▶ **What the task requires**: Note on the material below: return exactly the lines from the line that holds "Black or White | Nasreen | Rahim Pardesi" through the line that holds "Nutrients 17 00594 g001", and leave out each picture.

▶ **Raw data**:
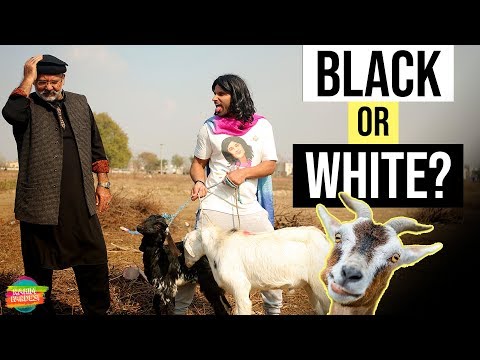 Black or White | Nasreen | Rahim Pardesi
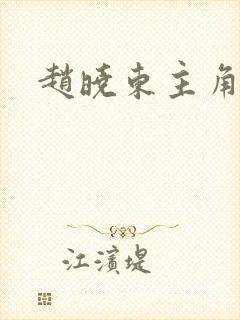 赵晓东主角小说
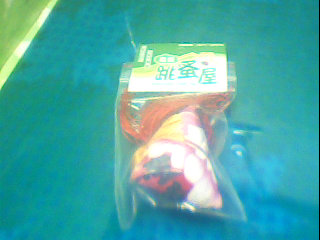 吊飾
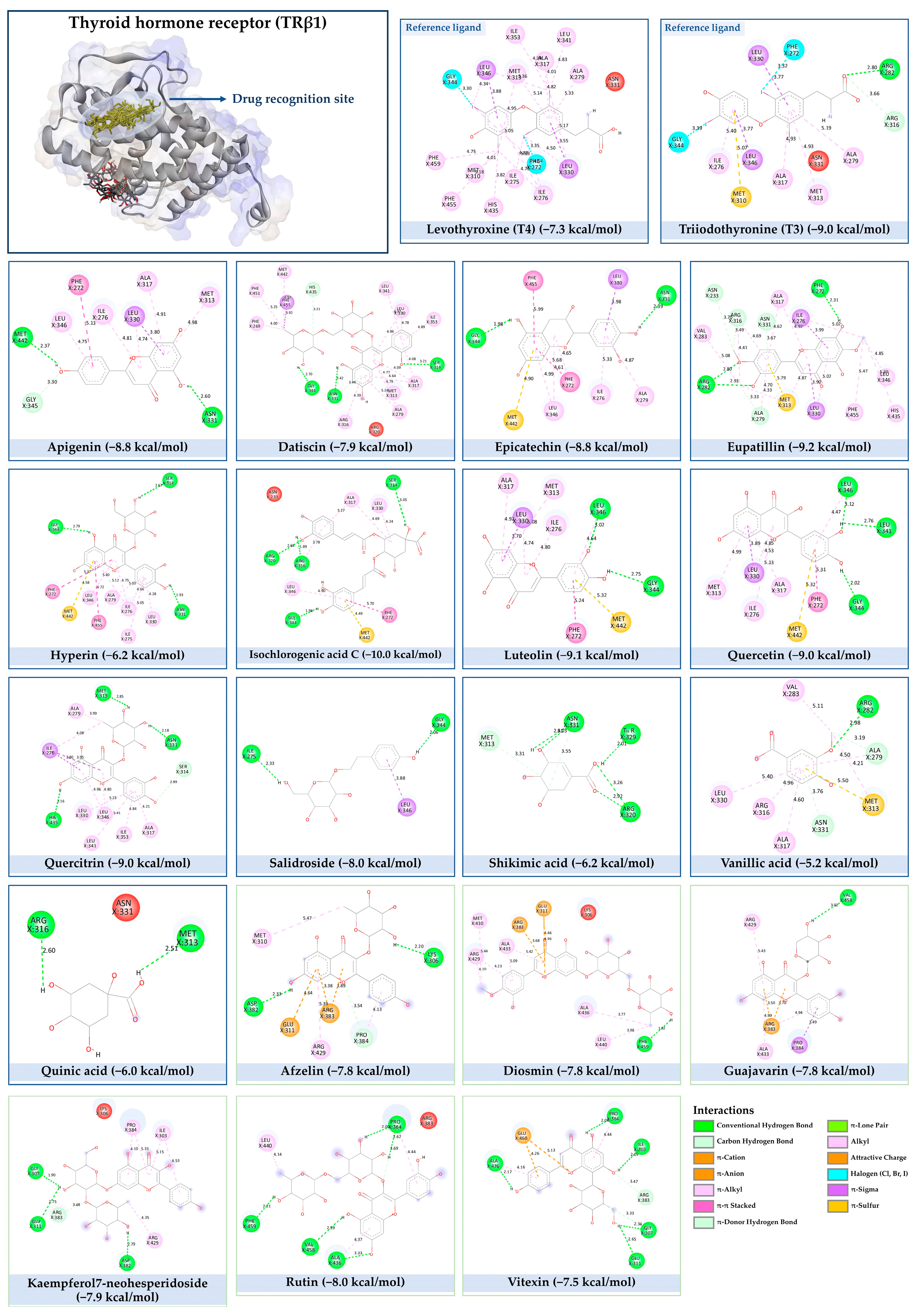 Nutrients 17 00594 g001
--
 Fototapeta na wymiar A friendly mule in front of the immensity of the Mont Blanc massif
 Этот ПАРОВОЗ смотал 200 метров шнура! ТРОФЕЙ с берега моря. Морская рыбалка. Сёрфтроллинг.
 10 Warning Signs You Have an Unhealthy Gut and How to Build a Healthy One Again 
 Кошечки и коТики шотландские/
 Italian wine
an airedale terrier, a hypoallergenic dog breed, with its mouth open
==
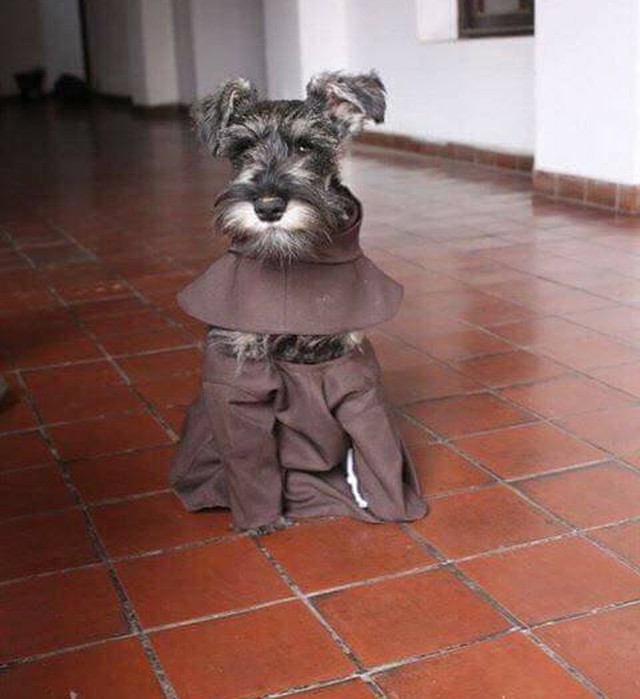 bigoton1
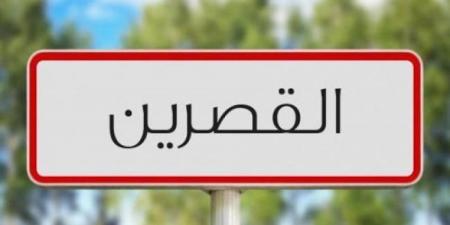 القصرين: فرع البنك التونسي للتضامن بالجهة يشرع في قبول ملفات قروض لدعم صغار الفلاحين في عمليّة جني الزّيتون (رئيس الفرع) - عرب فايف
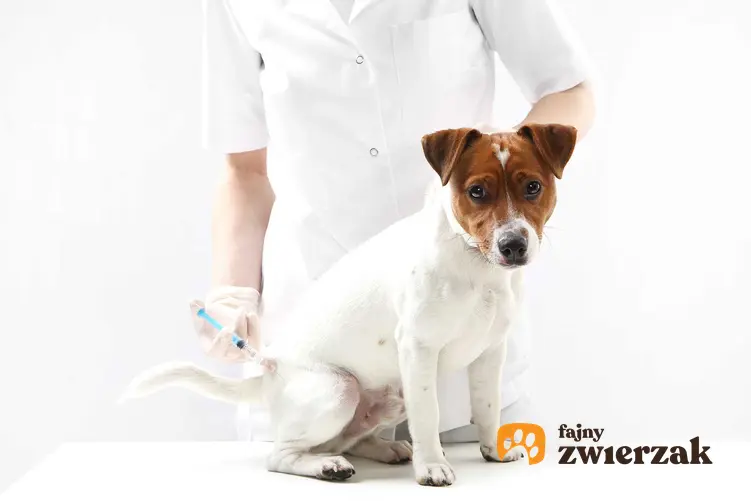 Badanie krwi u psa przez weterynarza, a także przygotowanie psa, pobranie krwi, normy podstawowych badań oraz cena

▶ **Response area**:
 Black or White | Nasreen | Rahim Pardesi
 赵晓东主角小说
 吊飾
 Nutrients 17 00594 g001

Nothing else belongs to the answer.